Les quatre guerres de Poutine
Le maitre du Kremlin, traumatisé par le démembrement de l’ex URSS, a de quoi poursuivre son rôle de chef de guerre dans le but de rebâtir un empire dans la lignée de Pierre le Grand. En octobre 2023, dans une interview exclusive de Volodymyr Zelenski pour France TV, le président ukrainien mettait en garde les occidentaux : en cas de victoire de la Russie, Poutine ne s’arrêtera pas à l’Ukraine. Dans plusieurs années, ce pourrait être la Moldavie, qui n’est pas aujourd’hui membre de l’OTAN.

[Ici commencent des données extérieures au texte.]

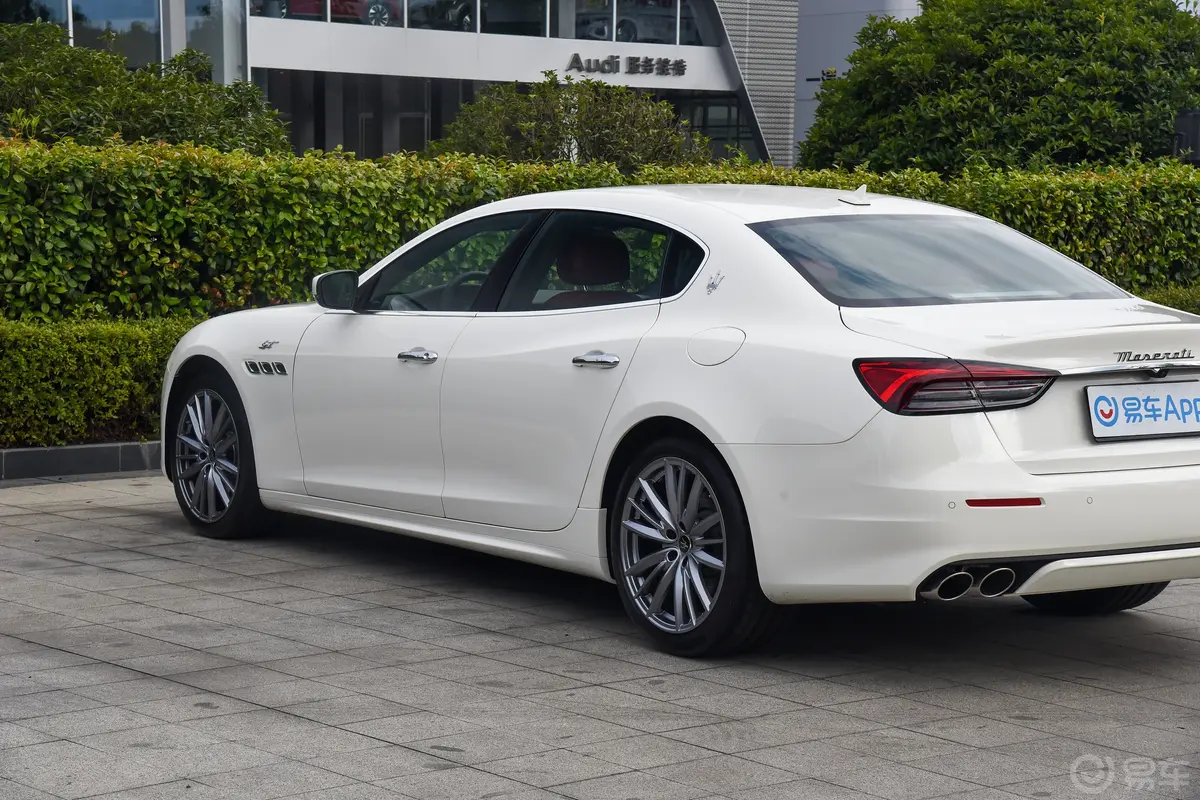 Quattroporte3.0T 标准版外观细节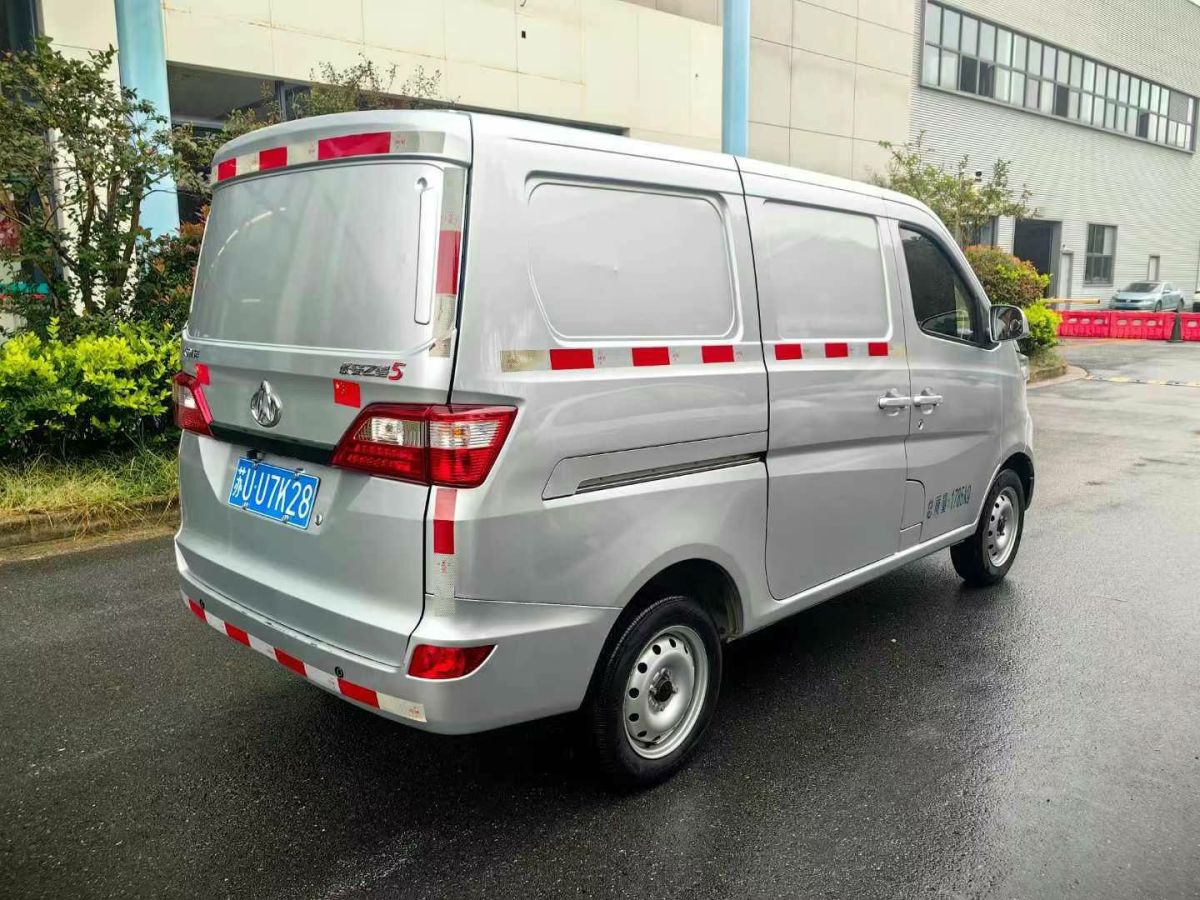 長(zhǎng)安 長(zhǎng)安X7 PLUS  2024款 1.5T 手動(dòng)尊尚型 7座圖片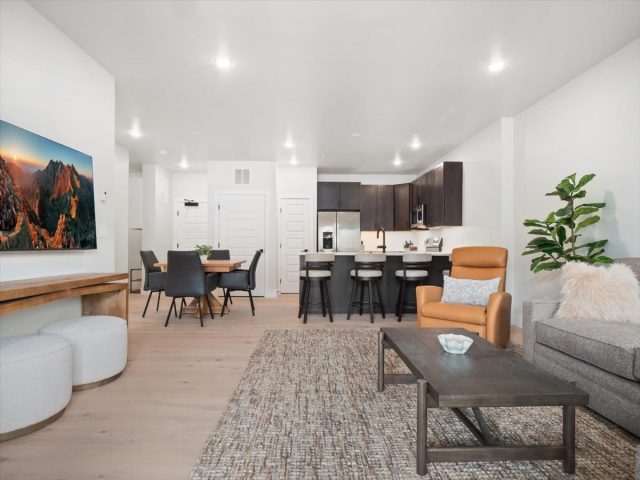 Condo in Brightwood At Keystone Sub, Keystone, CO — photo 3 (MLS S1068396)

C’est l’ombre de la conférence de Munich (1938) qui refait surface pour l’Europe et l’OTAN et la fameuse pique que Winston Churchill à Neuville Chamberlain. « Vous aviez le choix entre le déshonneur et la guerre ; Vous avez choisi le déshonneur et vous aurez la guerre », avait déclaré le Premier ministre anglais.
Sergueï Medvedev, historien spécialiste de la période post-soviétique, livrait une analyse de la Russie en 2020, notamment à travers son dernier ouvrage, « Les quatre guerres de Poutine, ce que la Russie nous prépare ».

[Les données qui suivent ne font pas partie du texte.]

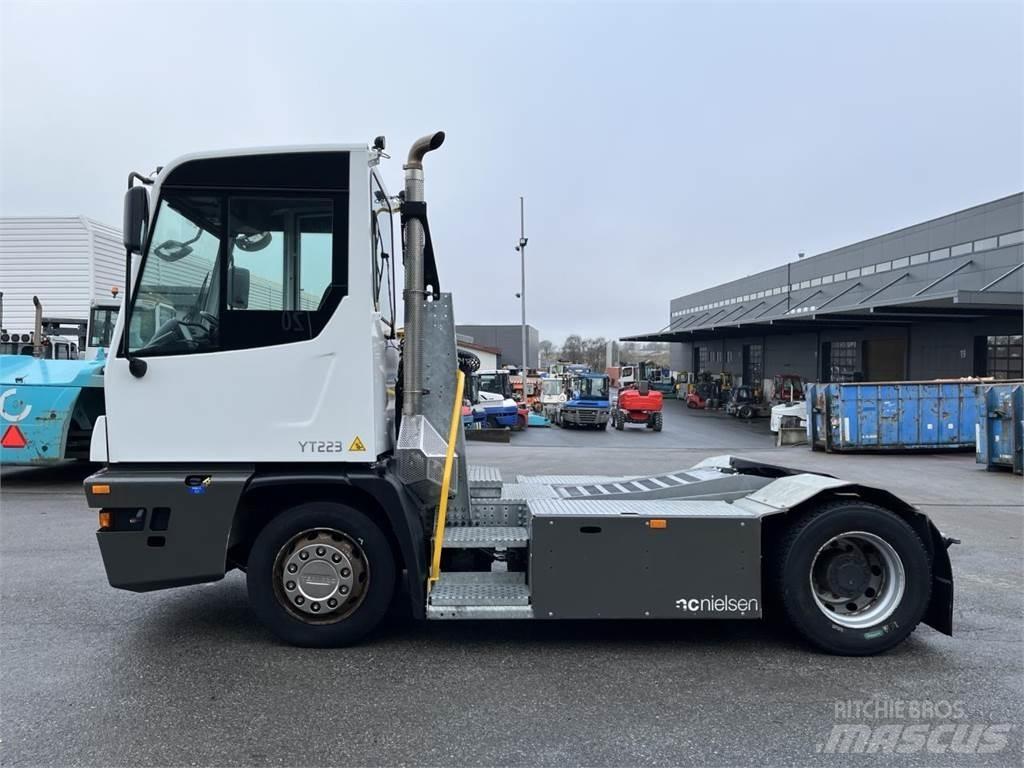 Terberg YT223 4x2 Складская техника - Другие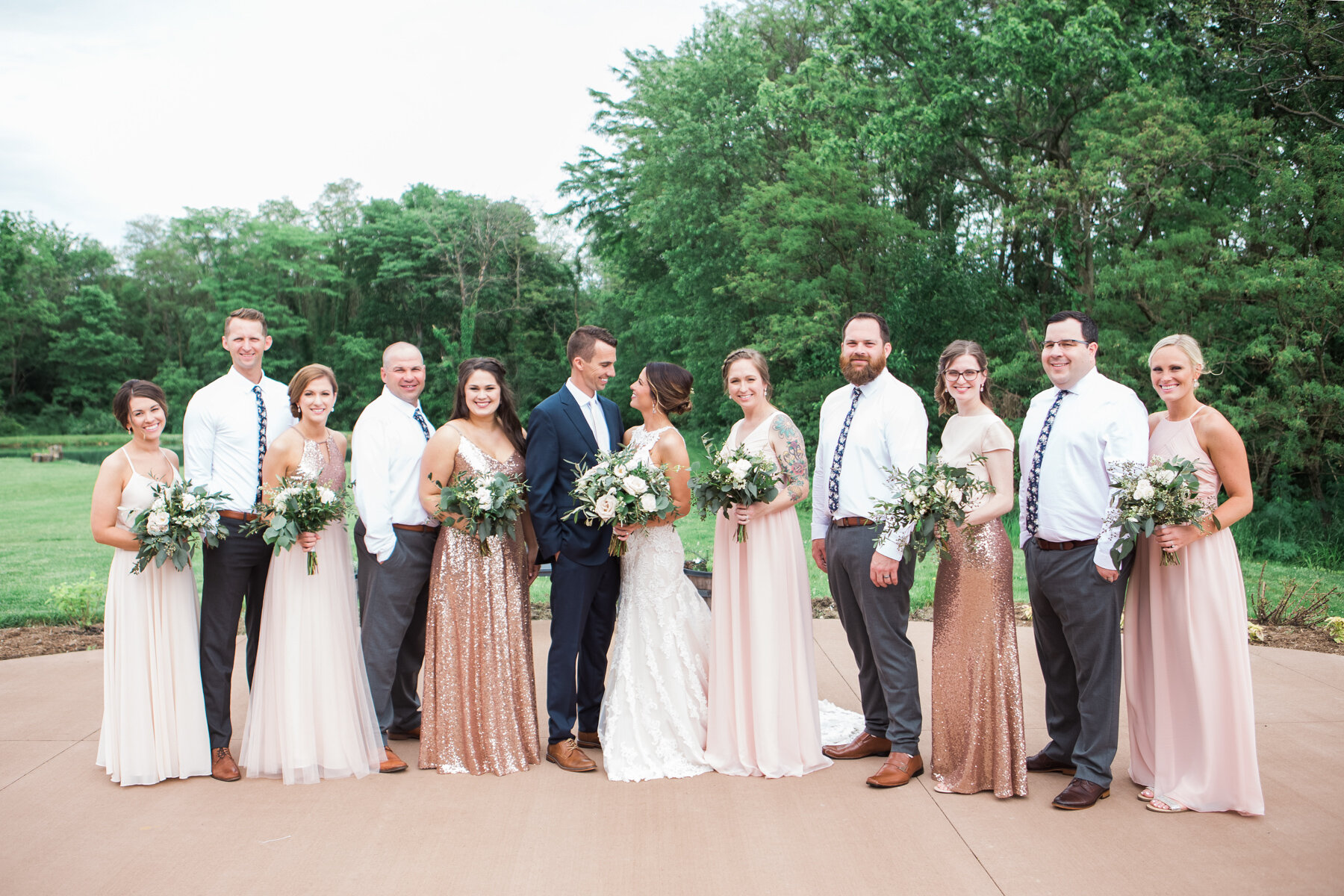 bloomfield-barn-wedding-illinois-photographers-41.jpg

Selon lui, Vladimir Poutine a lancé une guerre territoriale, une guerre pour les symboles, mais aussi pour le corps et pour la mémoire. D’abord territoriale car de cette vision découle le conflit avec l’Ukraine, l’annexion de la Crimée, l’occupation du Donbass, les projets de développement de l’Arctique, les interventions militaires russes dans des régions éloignées telles que la Syrie ou la Libye, ainsi que les tentatives de contrôle de l’espace post-soviétique, qui deviennent de plus en plus difficiles. Ensuite, une guerre des symboles, dont le plus grand est pour lui, la victoire de la Seconde Guerre mondiale et la domination de l’URSS sur une partie de l’Europe qui en a résulté.

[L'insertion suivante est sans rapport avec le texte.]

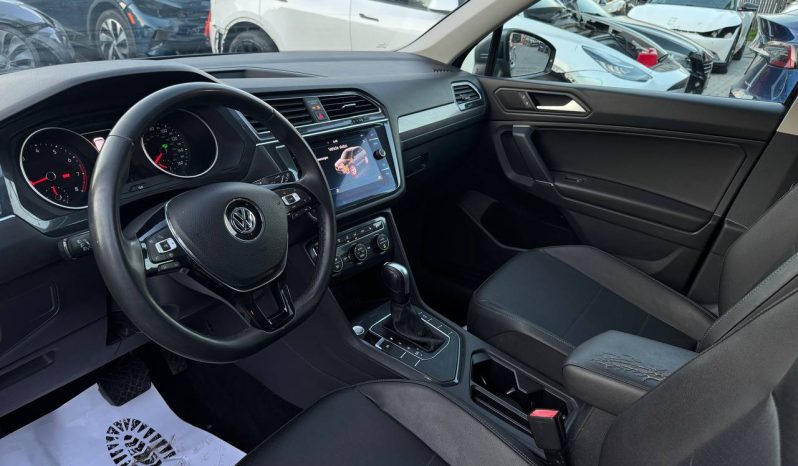 
VOLKSWAGEN TIGUAN SE, 2020 full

Une guerre pour contrôler les corps des citoyens (contrôle de la natalité, lutte contre les LGBT…), Vladimir Poutine cherchant à étendre le concept de souveraineté à ces derniers. Et enfin une guerre pour la mémoire car le pouvoir s’efforce de créer un mythe historique selon lequel la Russie a toujours été dans le camp des vainqueurs et selon lequel l’État a toujours été plus important que l’individu.
Malgré sa puissance, Poutine doit faire face à de nombreux défis. La guerre en Ukraine est loin d’être remportée et l’aptitude de la population russe, des élites et de l’économie à soutenir ce conflit sur le long terme demeure incertaine.